This video, exclusive to Dezeen, reveals how Japanese artist Hajime Sorayama created the giant female robot that took centre stage at Dior's Pre-Fall 2019 menswear show in Tokyo.
Kim Jones, artistic director of Dior menswear, commissioned Sorayama to create the giant, retro-futurist robot. It took the form of an "idealised woman", with details embossed to resemble mechanical joints, nuts and bolts across its body.
As shown in the movie, the figure was carved from a block of styrofoam and then coated in multiple layers of aluminium paint, which took 20 days to apply.
Sorayama is famous for designing the original Sony AIBO robot dog, which was rereleased by the Japanese tech giant last year.
The artist explains in the film that the project marks 40 years since he first started drawing designs for robots.
"I've never created a statue this big before," he says. "I got excited by the idea of doing something new."
Sorayama based the design on the characters from his 1983 book Sexy Robot. The book is filled with illustrations featuring hyperrealistic "fembots" – a term used to described robots with a human female-like form.
Sorayama's robot weighs just under a tonne, so took 16 people to assemble.
Its head resembles a helmet with a single illuminated rectangular slit for an eye and antennae for ears.
A gold garter detail runs across its right thigh.

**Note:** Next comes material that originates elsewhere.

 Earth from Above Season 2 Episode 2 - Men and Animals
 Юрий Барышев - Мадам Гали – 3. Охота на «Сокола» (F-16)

Here, the Dior name is carved out in a bespoke, futuristic font designed by Sorayama, and illuminated with an in-built light.
The structure was displayed with graphics of pink cherry blossoms on the surrounding floor – a Japanese twist on the image of a rose frequently found in Dior's collections.

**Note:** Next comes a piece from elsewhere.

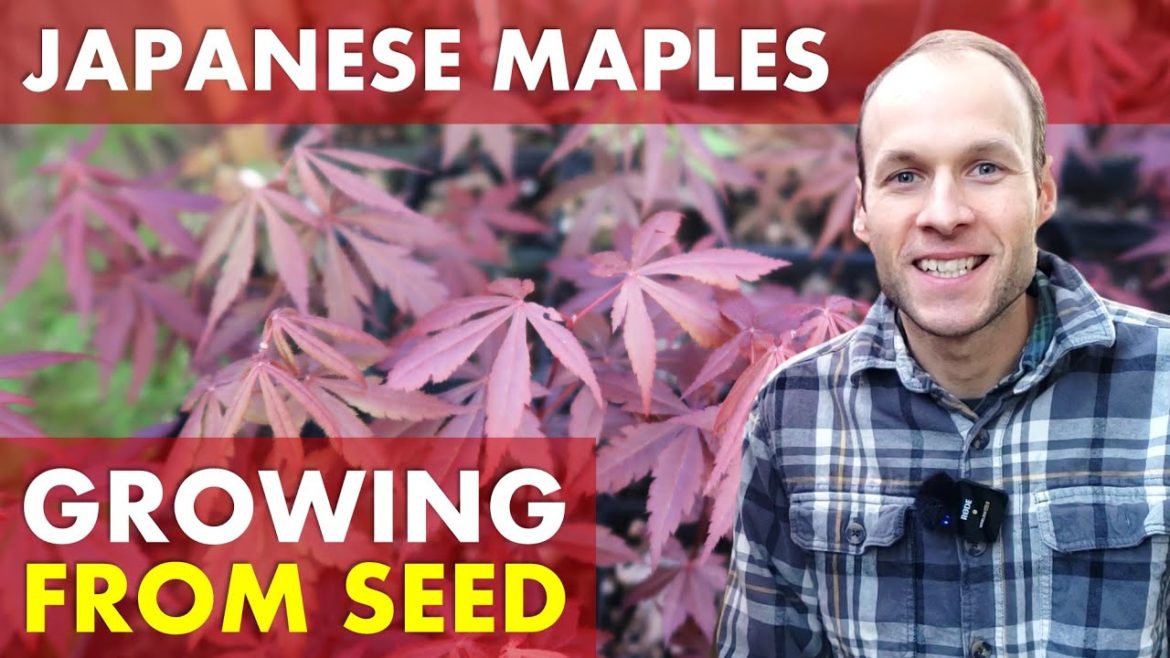 Growing Japanese Maples from Seed | Fall Seed Collecting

This tied in with the rest of the show, which was intended to reference "the hypermodern reality of Japanese culture today".

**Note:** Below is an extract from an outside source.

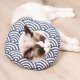 thumbnail image 3 of Collar de recuperación de gato de dibujos animados lindo cono de gato para curar heridas de gato, 3 of 5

It is the first time that Dior has showed a menswear collection in Tokyo, in tribute to the late Christian Dior's love of Japanese culture.
"Christian Dior was fascinated by the country, examining its culture of dress and utilising this study to inspire his own work," said Dior in statement.
"Jones chooses to explore not the historical myth of Japan, but its modern actuality, referencing both the country's storied past and its often-imagined future."
The new menswear collection mirrors the high-tech, futurist vision set out by Sorayama's centrepiece. Models wore garments printed with Sorayama's illustrations, metallic blazers, steel caps created by milliner Stephen Jones, and jewellery resembling robotic nuts and bolts.
Dior follows a slew of brands choosing to collaborate with artists and designers to create Instagram-friendly decor for runway shows.
For Prada's Spring Summer 2019 menswear show, Dutch studio AMO designed a grid that marked out spaces for guests to sit on inflatable Verner Panton stools.
Meanwhile at Burberry's Autumn Winter 2018 presentation in London, United Visual Artists created an archway of rainbow-hued lasers that models walked through.